崖っぷちに追いやられた韓国の石油化学業界が連日自救案を議論しているがなかなか解決策を見いだせずにいる。政府と債権団は「これ以上先送りすることはできない」として圧力レベルを高めているが、業界は「出口が作られれば出て行けるが、出口が見えない」としてやきもきしている。
9月30日に産業銀行をはじめとする17の銀行と4の政策金融機関が参加した中で「産業構造革新支援に向けた金融圏共同協約式」が開かれた。8月に政府が発表したナフサ分解設備(NCC)370万トン縮小目標に基づき、石油化学企業が構造革新案を提出すれば債権団が協議会を開いて貸付満期延長、金利調整、新規資金支援などを検討するというのが協約の骨子だ。
金融委員会の権大暎(クォン・デヨン)副委員長はこの日、「まだ産業界が提示した縮小目標達成に向けた具体的縮小計画と自助努力の絵が見えない。いまが最後の機会」と話した。その上で「石油化学業界の自律的な事業再編がタイミングを逃せば債権団の役割も『観察者、助力者』にだけとどまるのは厳しいだろう」と付け加えた。
だが企業の本心は複雑だ。利害関係があまりにも尖鋭なため自律構造調整案を出すのは難しいという見通しが多い。市場1位であるLG化学は石油元売りのGSカルテックスと麗水(ヨス)NCCを統廃合する案を推進中だが実行案に進展できない状態だ。ハンファグループとDLケミカルの合弁会社である麗川(ヨチョン)NCCとロッテケミカルの設備統合協議も初期段階にとどまっている。ただ麗川NCCの共同株主であるハンファグループとDLケミカルの対立要因だったエチレン供給価格問題は最近調整段階に突入した。

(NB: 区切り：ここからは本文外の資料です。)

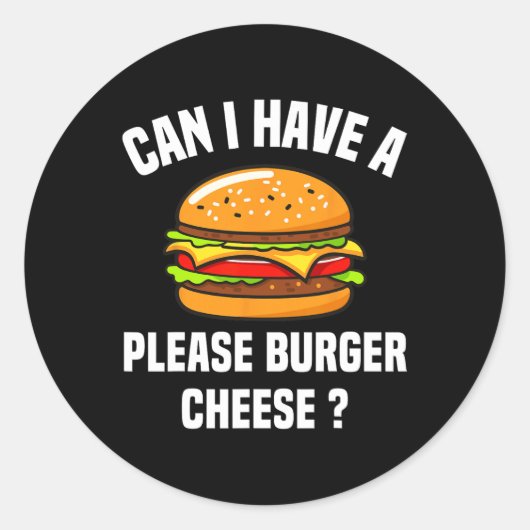 Burger Cheese Hamburger Cheese BBQ Funny SA Ronde Sticker (Voorkant)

石油化学業者関係者は「設備統廃合をするには互いに価格問題などを相談しなければならないが、公正取引法上の談合とみられる恐れがあり慎重だ」と話した。企業は公正取引法を緩和し石油化学企業が縮小過程で談合や寡占にならないようにしてほしいと要求してきたが、政府の石油化学構造改編案ではこうした内容は抜けている。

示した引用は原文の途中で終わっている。